I felt like I agreed somewhat with your sentiment until this sentence. But I am guilty of making my own life difficult.
In my opinion, it is worth remembering that different people like different things about Warcraft 3. In my case, one of the big fun parts was making custom MDX models. In 2018 when the Reforged was announced, their preview showcase included 3D files that would not fit the MDX format that I had been using for 16 years at that point. This is how I knew that my hobby would be destroyed, or tampered with beyond recognition, for the sake of corporate profits from the moment Reforged was announced. What I did not anticipate is that it would upset other people; I tended to believe back then that I would be alone in wanting something different, and that the masses would want Reforged in the form that was advertised.
So, within about one month of the Reforged announcement, I sat and drafted my "project proposal" design document after having too much to drink. In this document, I recorded my
plan to construct a simulacrum of Warcraft III using Hive tools and open source programs so that I could play the game without the influence of the other people who had gone wrong. At the time this was a joke among friends, conceived while intoxicated, and people in online circles I frequented laughed at it.

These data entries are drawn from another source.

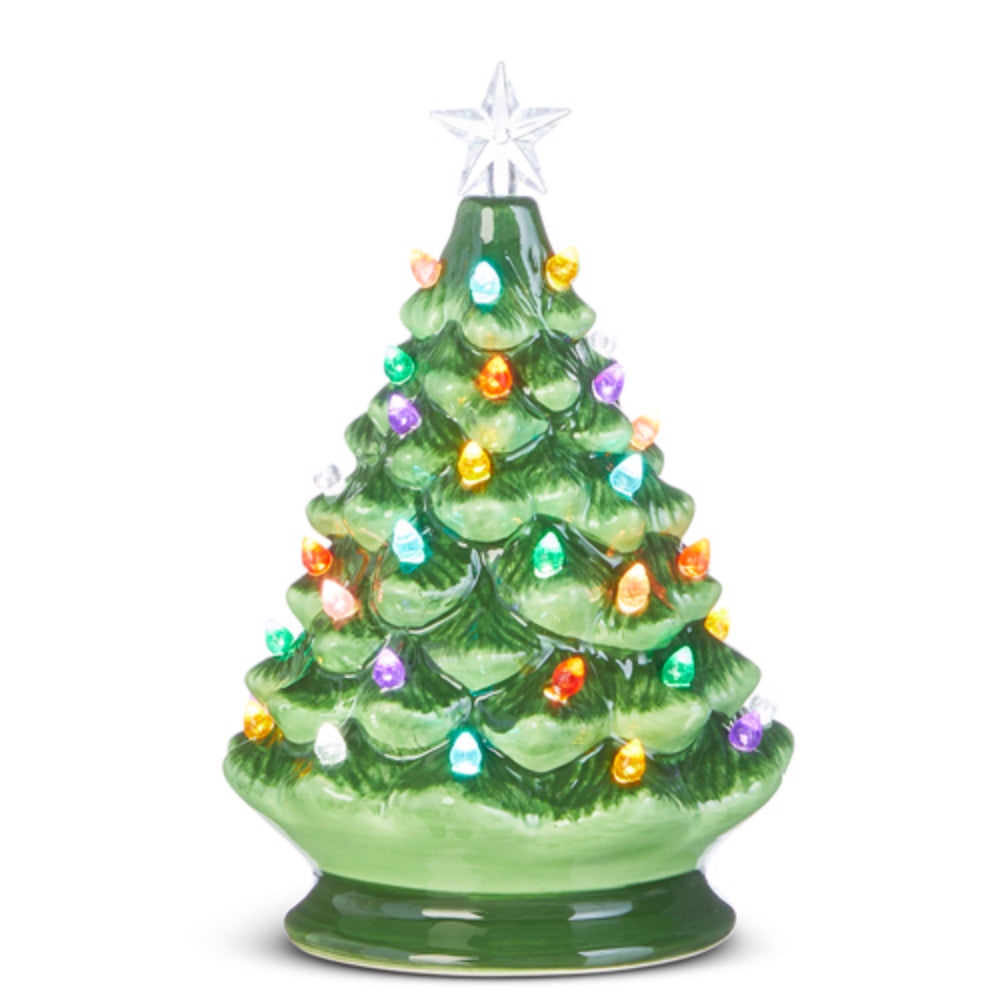Vintage 8-Inch Green Lighted Christmas Tree with Timer Function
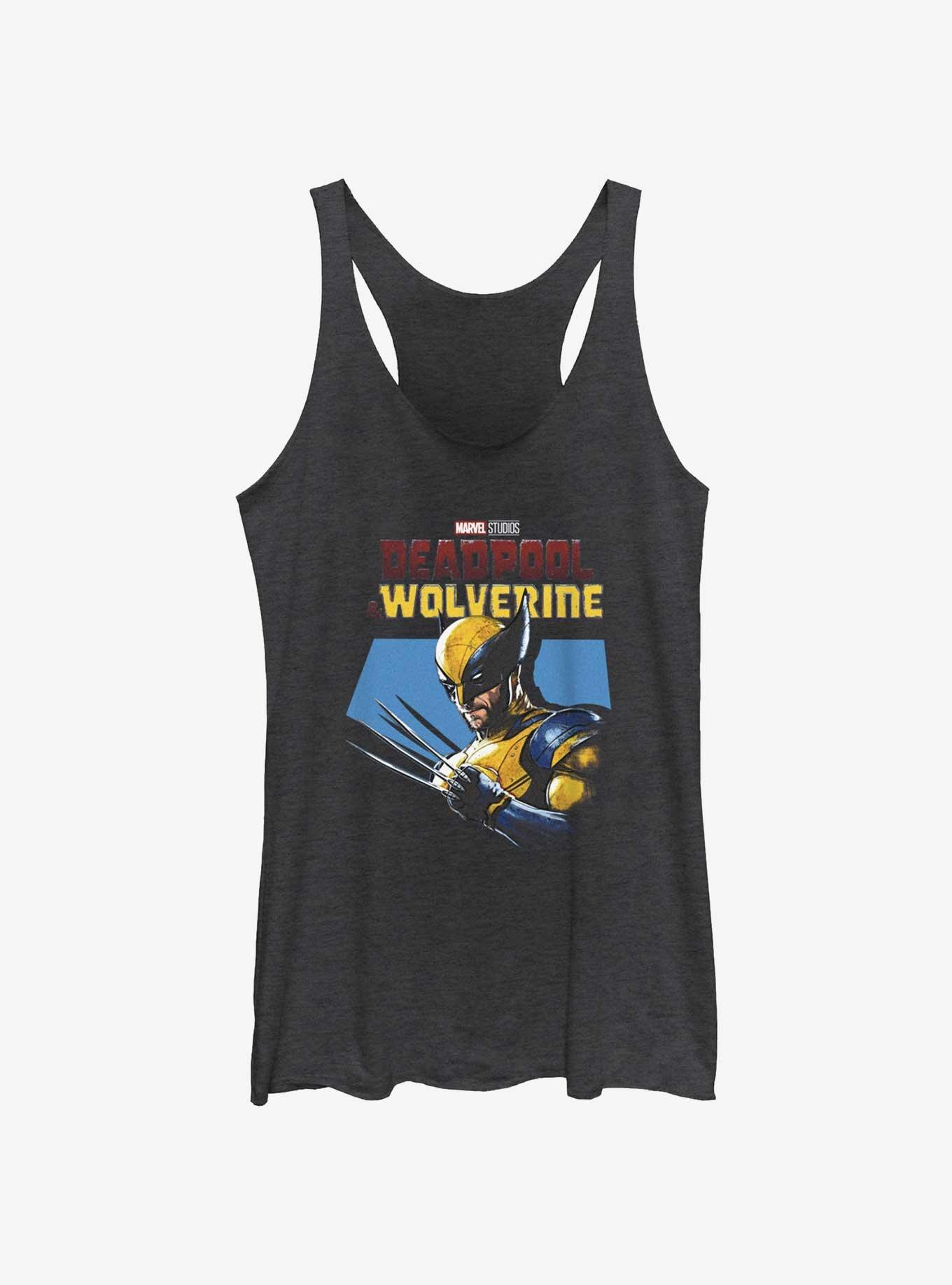 Marvel Deadpool & Wolverine Spotlight Wolverine Girls Tank, BLK HTR, hi-res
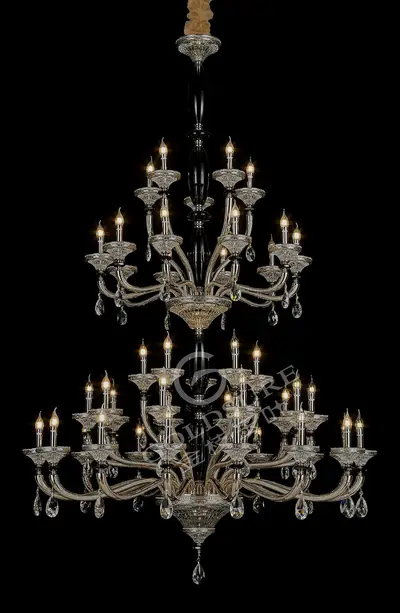 Đèn chùm cổ điển đồng màu mạ vàng, 45 bóng, Ø148 cm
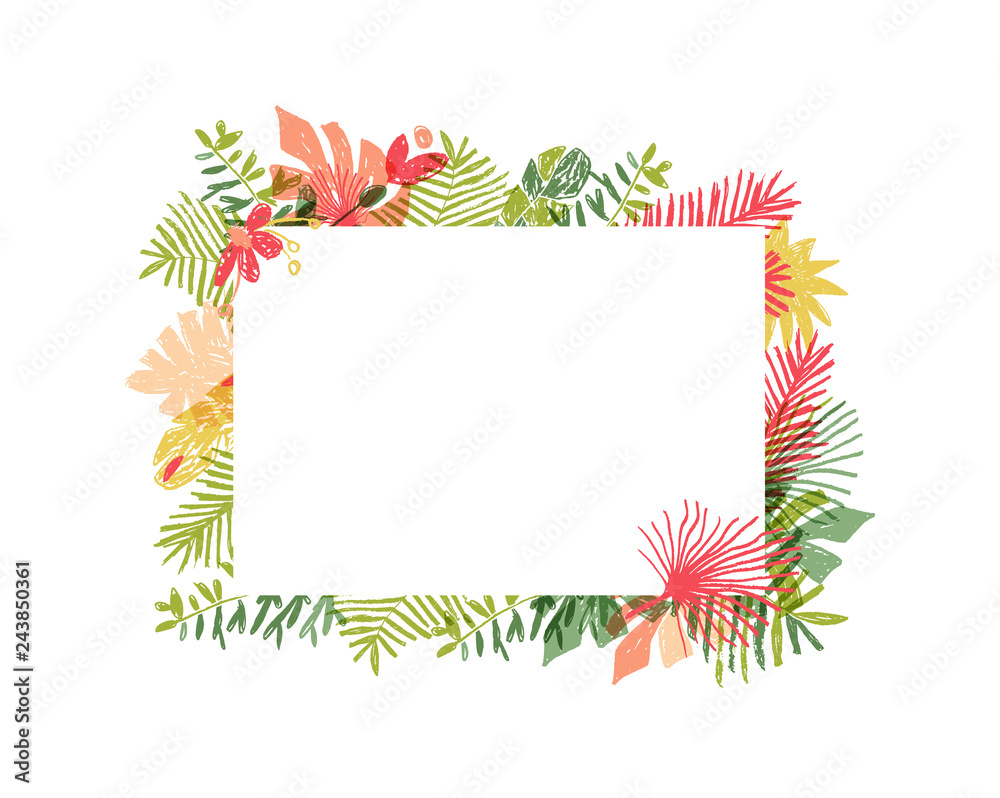 Hand drawn tropical flower composition, botanical framing. illustration isolated on white background. Floral jungle frame, exotic plant leaf framework, lets flamingle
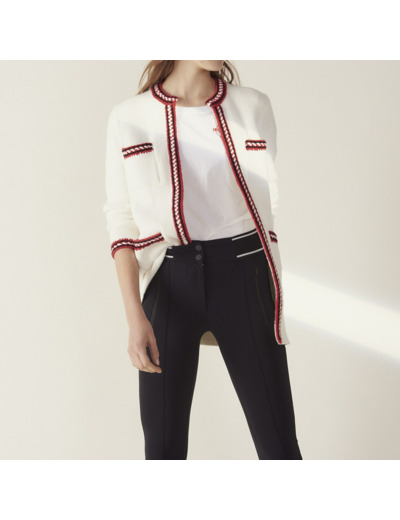 Cardigan orné de galons tricolore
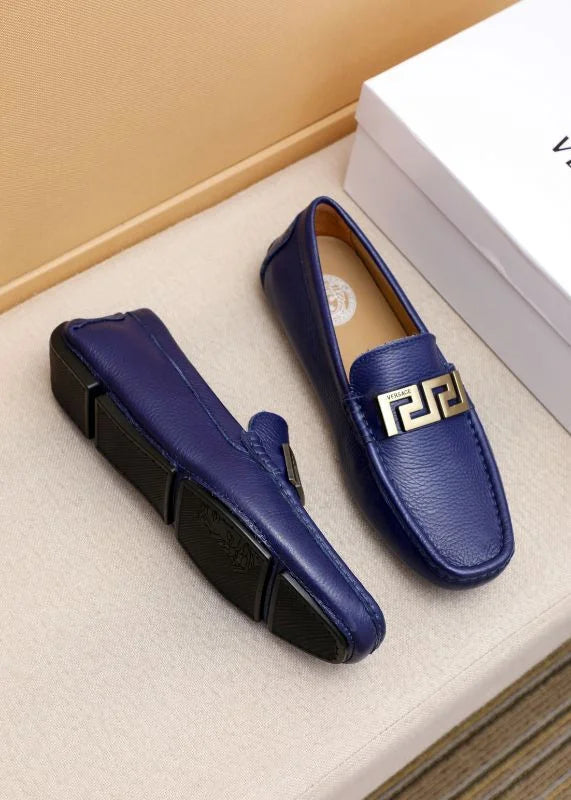 VERSACE || Royal Blue Leather Loafers with Signature Gold  display picture 2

But, as time progressed, eventually the Patch 1.31 released in the year 2019 prior to the "new news" that Reforged would "dial it back a bit" and such. Even prior to that news, there were things in Patch 1.31 that were map-breaking for people. These were bad APIs and changes pushed into production with very little testing, and that I could see would become a part of the game for years to come despite them being
stupid -- redefining what "Warcraft III" is for everyone, with no ability to question how stupid the new changes were, and thus no ability to sit and think about a better game thing.
And I think it was really Patch 1.31 that set me off, and caused me to take my intoxicated pipe dream from 2018 and start trying to actually build it for real. The goal was to "play Warcraft III" using only my own code, so that I could make the rules, including
what to exclude and what dumb things to not support.
My mission was successful and has been making continued occasional progress for several years. I have videos of me
building a base for 40 minutes at a time, and it looks like playing Warcraft III, but it is not at all it is a game created on the open source LibGDX engine and all of the code was rewritten to set me free.
That work that I did is based on tools and technologies from Hive Workshop, mostly from before the Reforged, that had amassed as a result of all these people doing Warcraft III modding. Their shared knowledge allowed me to play the game without the game, which allows me to ignore everything and everyone that is stupid, if that is what I should choose to do.
...however...
I have, at times, loaded art files and some data from World of Warcraft into that same game engine software, and
pretended to play some World of Warcraft on it.
Would you say, then, that I should delete my account and leave the open source attempt at a fan-maintainable version of Warcraft III to rot?
Edit:
So anyway, it's a very difficult time to be a fan of:
- .doo files and doodads not having skins
- The menu system being made with high performance FDF and running fine on your toaster with low hardware specs
- Not having the custom UI apis be dumb parrots of the menu technology without much support (although Tasyen and others on Hive have done miracles for people who decide to use it anyway)
- Not trusting the Reforged updates that break random things that I don't want to think about anymore
- A 2002 RTS game in whose art style WoW models don't fit
- A World Editor that doesn't crash randomly
..etc
The problem I have to be honest is that Frozen Throne map editor is bound by license terms, and perhaps worse is bound to mostly only run on Windows or on WINE and stuff and is closed source, and I'd like an open source one that is more fully featured than HiveWE (although HiveWE seems to be trending better). Rather than complaining, will you help us build an open source world editor that we can keep working? Then we can foster a community of like-minded individuals who enjoy Warcraft III, instead of only the WoW sycophants who love Reforged having their way.